## Work to complete
The copy should hold exactly the lines below from the one that contains "洛江公积金贷款调整影响，政策变迁下的购房新趋势" through the one that contains "EasyTrim EZ-68 7/16" and nothing else, so no pictures.

## Data records
============================================================
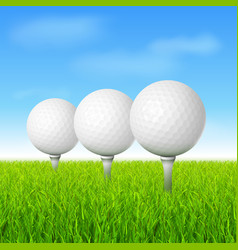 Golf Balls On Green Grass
============================================================
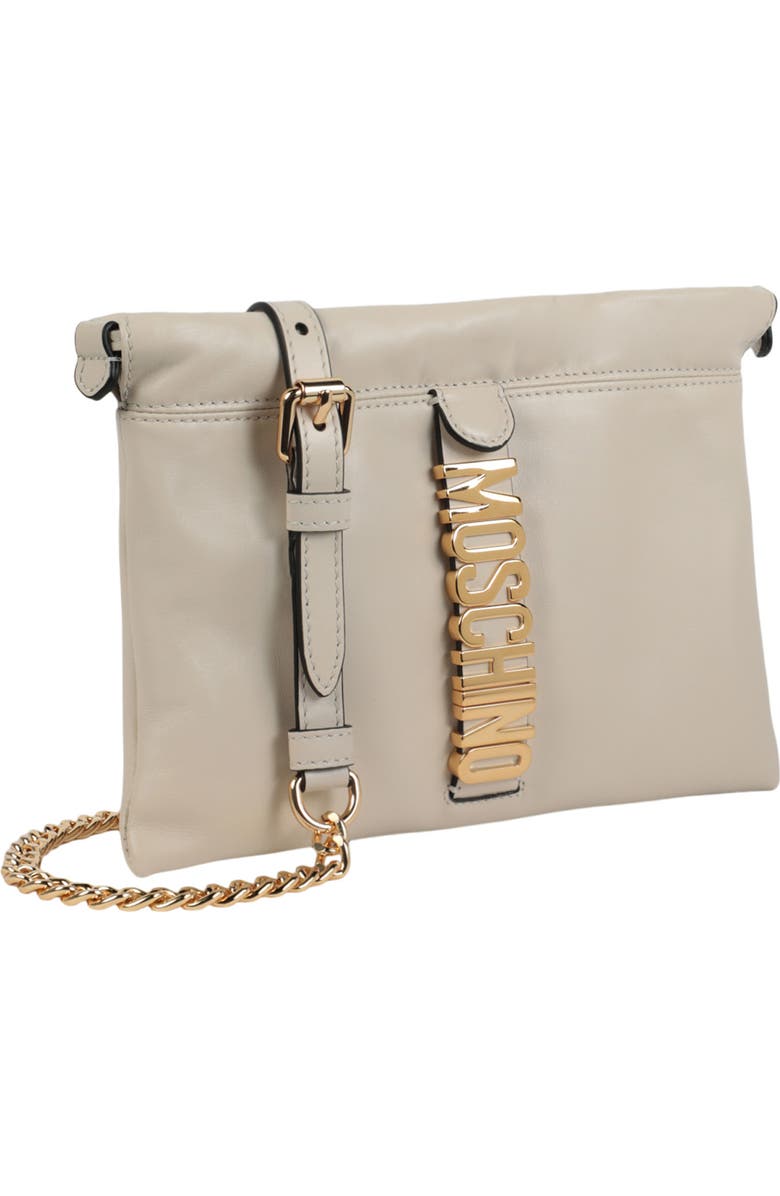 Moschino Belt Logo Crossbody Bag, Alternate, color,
============================================================
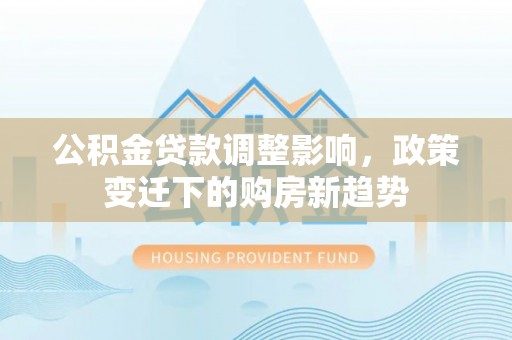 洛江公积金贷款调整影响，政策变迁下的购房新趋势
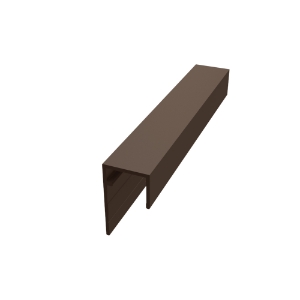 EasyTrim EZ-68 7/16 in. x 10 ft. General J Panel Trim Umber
============================================================
## Expected output
 洛江公积金贷款调整影响，政策变迁下的购房新趋势
 EasyTrim EZ-68 7/16 in. x 10 ft. General J Panel Trim Umber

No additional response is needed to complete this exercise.